- Opening Delimiter -

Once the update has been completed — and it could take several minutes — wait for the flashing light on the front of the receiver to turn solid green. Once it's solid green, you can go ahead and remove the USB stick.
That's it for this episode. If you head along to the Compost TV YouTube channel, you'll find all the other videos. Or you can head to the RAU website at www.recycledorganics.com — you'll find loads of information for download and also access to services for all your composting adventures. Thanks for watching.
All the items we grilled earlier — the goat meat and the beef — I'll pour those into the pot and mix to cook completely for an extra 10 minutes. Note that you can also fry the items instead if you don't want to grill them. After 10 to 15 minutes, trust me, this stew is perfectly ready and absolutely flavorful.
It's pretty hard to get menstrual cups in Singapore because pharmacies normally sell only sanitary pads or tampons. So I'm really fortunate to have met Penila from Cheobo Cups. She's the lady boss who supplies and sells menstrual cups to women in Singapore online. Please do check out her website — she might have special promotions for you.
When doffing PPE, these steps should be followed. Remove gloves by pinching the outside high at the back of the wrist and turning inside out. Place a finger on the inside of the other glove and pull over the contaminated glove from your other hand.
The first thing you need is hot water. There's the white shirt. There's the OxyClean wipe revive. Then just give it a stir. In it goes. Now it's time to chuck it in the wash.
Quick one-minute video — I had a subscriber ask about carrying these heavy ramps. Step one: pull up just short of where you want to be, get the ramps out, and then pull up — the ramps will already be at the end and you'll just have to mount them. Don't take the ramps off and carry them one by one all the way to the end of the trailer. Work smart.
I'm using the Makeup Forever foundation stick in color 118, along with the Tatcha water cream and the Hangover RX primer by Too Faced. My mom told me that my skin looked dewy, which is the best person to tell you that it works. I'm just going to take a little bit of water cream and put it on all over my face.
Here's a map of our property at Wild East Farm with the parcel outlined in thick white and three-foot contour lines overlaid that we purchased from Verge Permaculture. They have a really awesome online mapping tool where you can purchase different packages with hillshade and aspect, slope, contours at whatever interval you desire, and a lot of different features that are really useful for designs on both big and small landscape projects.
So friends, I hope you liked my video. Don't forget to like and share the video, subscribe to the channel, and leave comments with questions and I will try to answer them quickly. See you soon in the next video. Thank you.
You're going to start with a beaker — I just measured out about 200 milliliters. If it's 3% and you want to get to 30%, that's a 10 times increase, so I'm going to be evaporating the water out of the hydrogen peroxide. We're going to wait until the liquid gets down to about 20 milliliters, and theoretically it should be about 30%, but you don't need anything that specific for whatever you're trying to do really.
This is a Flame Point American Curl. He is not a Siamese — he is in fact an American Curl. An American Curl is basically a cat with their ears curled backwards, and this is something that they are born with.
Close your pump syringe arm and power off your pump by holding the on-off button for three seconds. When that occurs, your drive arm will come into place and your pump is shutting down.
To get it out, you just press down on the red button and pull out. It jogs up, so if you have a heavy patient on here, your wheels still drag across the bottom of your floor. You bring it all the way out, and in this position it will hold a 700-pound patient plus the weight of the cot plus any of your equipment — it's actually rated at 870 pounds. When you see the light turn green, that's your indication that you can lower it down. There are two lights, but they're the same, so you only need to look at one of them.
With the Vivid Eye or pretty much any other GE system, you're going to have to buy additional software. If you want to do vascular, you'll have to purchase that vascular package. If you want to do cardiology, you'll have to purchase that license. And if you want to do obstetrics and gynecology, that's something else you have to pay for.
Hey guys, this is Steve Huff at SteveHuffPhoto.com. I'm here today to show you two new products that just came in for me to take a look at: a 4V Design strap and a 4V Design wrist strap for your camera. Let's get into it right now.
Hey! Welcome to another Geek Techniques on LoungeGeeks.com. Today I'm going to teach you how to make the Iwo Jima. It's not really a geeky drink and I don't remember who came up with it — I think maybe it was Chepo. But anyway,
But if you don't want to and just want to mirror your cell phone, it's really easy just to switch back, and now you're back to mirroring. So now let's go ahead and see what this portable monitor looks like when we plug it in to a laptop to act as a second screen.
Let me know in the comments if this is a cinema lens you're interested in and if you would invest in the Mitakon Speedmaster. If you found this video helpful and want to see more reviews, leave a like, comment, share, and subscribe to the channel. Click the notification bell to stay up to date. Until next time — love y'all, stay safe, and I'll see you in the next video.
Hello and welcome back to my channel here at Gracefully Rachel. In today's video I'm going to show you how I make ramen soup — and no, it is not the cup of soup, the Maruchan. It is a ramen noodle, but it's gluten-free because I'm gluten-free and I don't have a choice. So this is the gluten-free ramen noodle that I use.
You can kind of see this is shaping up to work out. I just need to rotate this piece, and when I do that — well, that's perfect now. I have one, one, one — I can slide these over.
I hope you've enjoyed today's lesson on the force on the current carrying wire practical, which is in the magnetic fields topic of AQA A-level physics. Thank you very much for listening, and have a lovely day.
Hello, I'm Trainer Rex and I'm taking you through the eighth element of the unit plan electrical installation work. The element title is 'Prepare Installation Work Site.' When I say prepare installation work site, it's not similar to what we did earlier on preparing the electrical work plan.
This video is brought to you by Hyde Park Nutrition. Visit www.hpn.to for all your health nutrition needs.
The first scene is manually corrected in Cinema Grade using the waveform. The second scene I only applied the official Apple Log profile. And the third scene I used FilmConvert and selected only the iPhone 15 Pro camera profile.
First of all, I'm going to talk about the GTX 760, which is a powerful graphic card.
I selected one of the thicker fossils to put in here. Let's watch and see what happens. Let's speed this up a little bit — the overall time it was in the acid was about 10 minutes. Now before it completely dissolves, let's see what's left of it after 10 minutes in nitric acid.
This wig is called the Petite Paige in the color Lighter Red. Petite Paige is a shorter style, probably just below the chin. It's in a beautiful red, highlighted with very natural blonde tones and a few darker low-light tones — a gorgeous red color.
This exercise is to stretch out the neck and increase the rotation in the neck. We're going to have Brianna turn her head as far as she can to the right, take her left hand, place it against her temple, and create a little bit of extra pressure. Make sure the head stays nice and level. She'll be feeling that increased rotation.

- Closing Delimiter -

Goal of the exercise
Your reply should contain every record, unchanged and complete.

Solution to this task
Once the update has been completed — and it could take several minutes — wait for the flashing light on the front of the receiver to turn solid green. Once it's solid green, you can go ahead and remove the USB stick.
That's it for this episode. If you head along to the Compost TV YouTube channel, you'll find all the other videos. Or you can head to the RAU website at www.recycledorganics.com — you'll find loads of information for download and also access to services for all your composting adventures. Thanks for watching.
All the items we grilled earlier — the goat meat and the beef — I'll pour those into the pot and mix to cook completely for an extra 10 minutes. Note that you can also fry the items instead if you don't want to grill them. After 10 to 15 minutes, trust me, this stew is perfectly ready and absolutely flavorful.
It's pretty hard to get menstrual cups in Singapore because pharmacies normally sell only sanitary pads or tampons. So I'm really fortunate to have met Penila from Cheobo Cups. She's the lady boss who supplies and sells menstrual cups to women in Singapore online. Please do check out her website — she might have special promotions for you.
When doffing PPE, these steps should be followed. Remove gloves by pinching the outside high at the back of the wrist and turning inside out. Place a finger on the inside of the other glove and pull over the contaminated glove from your other hand.
The first thing you need is hot water. There's the white shirt. There's the OxyClean wipe revive. Then just give it a stir. In it goes. Now it's time to chuck it in the wash.
Quick one-minute video — I had a subscriber ask about carrying these heavy ramps. Step one: pull up just short of where you want to be, get the ramps out, and then pull up — the ramps will already be at the end and you'll just have to mount them. Don't take the ramps off and carry them one by one all the way to the end of the trailer. Work smart.
I'm using the Makeup Forever foundation stick in color 118, along with the Tatcha water cream and the Hangover RX primer by Too Faced. My mom told me that my skin looked dewy, which is the best person to tell you that it works. I'm just going to take a little bit of water cream and put it on all over my face.
Here's a map of our property at Wild East Farm with the parcel outlined in thick white and three-foot contour lines overlaid that we purchased from Verge Permaculture. They have a really awesome online mapping tool where you can purchase different packages with hillshade and aspect, slope, contours at whatever interval you desire, and a lot of different features that are really useful for designs on both big and small landscape projects.
So friends, I hope you liked my video. Don't forget to like and share the video, subscribe to the channel, and leave comments with questions and I will try to answer them quickly. See you soon in the next video. Thank you.
You're going to start with a beaker — I just measured out about 200 milliliters. If it's 3% and you want to get to 30%, that's a 10 times increase, so I'm going to be evaporating the water out of the hydrogen peroxide. We're going to wait until the liquid gets down to about 20 milliliters, and theoretically it should be about 30%, but you don't need anything that specific for whatever you're trying to do really.
This is a Flame Point American Curl. He is not a Siamese — he is in fact an American Curl. An American Curl is basically a cat with their ears curled backwards, and this is something that they are born with.
Close your pump syringe arm and power off your pump by holding the on-off button for three seconds. When that occurs, your drive arm will come into place and your pump is shutting down.
To get it out, you just press down on the red button and pull out. It jogs up, so if you have a heavy patient on here, your wheels still drag across the bottom of your floor. You bring it all the way out, and in this position it will hold a 700-pound patient plus the weight of the cot plus any of your equipment — it's actually rated at 870 pounds. When you see the light turn green, that's your indication that you can lower it down. There are two lights, but they're the same, so you only need to look at one of them.
With the Vivid Eye or pretty much any other GE system, you're going to have to buy additional software. If you want to do vascular, you'll have to purchase that vascular package. If you want to do cardiology, you'll have to purchase that license. And if you want to do obstetrics and gynecology, that's something else you have to pay for.
Hey guys, this is Steve Huff at SteveHuffPhoto.com. I'm here today to show you two new products that just came in for me to take a look at: a 4V Design strap and a 4V Design wrist strap for your camera. Let's get into it right now.
Hey! Welcome to another Geek Techniques on LoungeGeeks.com. Today I'm going to teach you how to make the Iwo Jima. It's not really a geeky drink and I don't remember who came up with it — I think maybe it was Chepo. But anyway,
But if you don't want to and just want to mirror your cell phone, it's really easy just to switch back, and now you're back to mirroring. So now let's go ahead and see what this portable monitor looks like when we plug it in to a laptop to act as a second screen.
Let me know in the comments if this is a cinema lens you're interested in and if you would invest in the Mitakon Speedmaster. If you found this video helpful and want to see more reviews, leave a like, comment, share, and subscribe to the channel. Click the notification bell to stay up to date. Until next time — love y'all, stay safe, and I'll see you in the next video.
Hello and welcome back to my channel here at Gracefully Rachel. In today's video I'm going to show you how I make ramen soup — and no, it is not the cup of soup, the Maruchan. It is a ramen noodle, but it's gluten-free because I'm gluten-free and I don't have a choice. So this is the gluten-free ramen noodle that I use.
You can kind of see this is shaping up to work out. I just need to rotate this piece, and when I do that — well, that's perfect now. I have one, one, one — I can slide these over.
I hope you've enjoyed today's lesson on the force on the current carrying wire practical, which is in the magnetic fields topic of AQA A-level physics. Thank you very much for listening, and have a lovely day.
Hello, I'm Trainer Rex and I'm taking you through the eighth element of the unit plan electrical installation work. The element title is 'Prepare Installation Work Site.' When I say prepare installation work site, it's not similar to what we did earlier on preparing the electrical work plan.
This video is brought to you by Hyde Park Nutrition. Visit www.hpn.to for all your health nutrition needs.
The first scene is manually corrected in Cinema Grade using the waveform. The second scene I only applied the official Apple Log profile. And the third scene I used FilmConvert and selected only the iPhone 15 Pro camera profile.
First of all, I'm going to talk about the GTX 760, which is a powerful graphic card.
I selected one of the thicker fossils to put in here. Let's watch and see what happens. Let's speed this up a little bit — the overall time it was in the acid was about 10 minutes. Now before it completely dissolves, let's see what's left of it after 10 minutes in nitric acid.
This wig is called the Petite Paige in the color Lighter Red. Petite Paige is a shorter style, probably just below the chin. It's in a beautiful red, highlighted with very natural blonde tones and a few darker low-light tones — a gorgeous red color.
This exercise is to stretch out the neck and increase the rotation in the neck. We're going to have Brianna turn her head as far as she can to the right, take her left hand, place it against her temple, and create a little bit of extra pressure. Make sure the head stays nice and level. She'll be feeling that increased rotation.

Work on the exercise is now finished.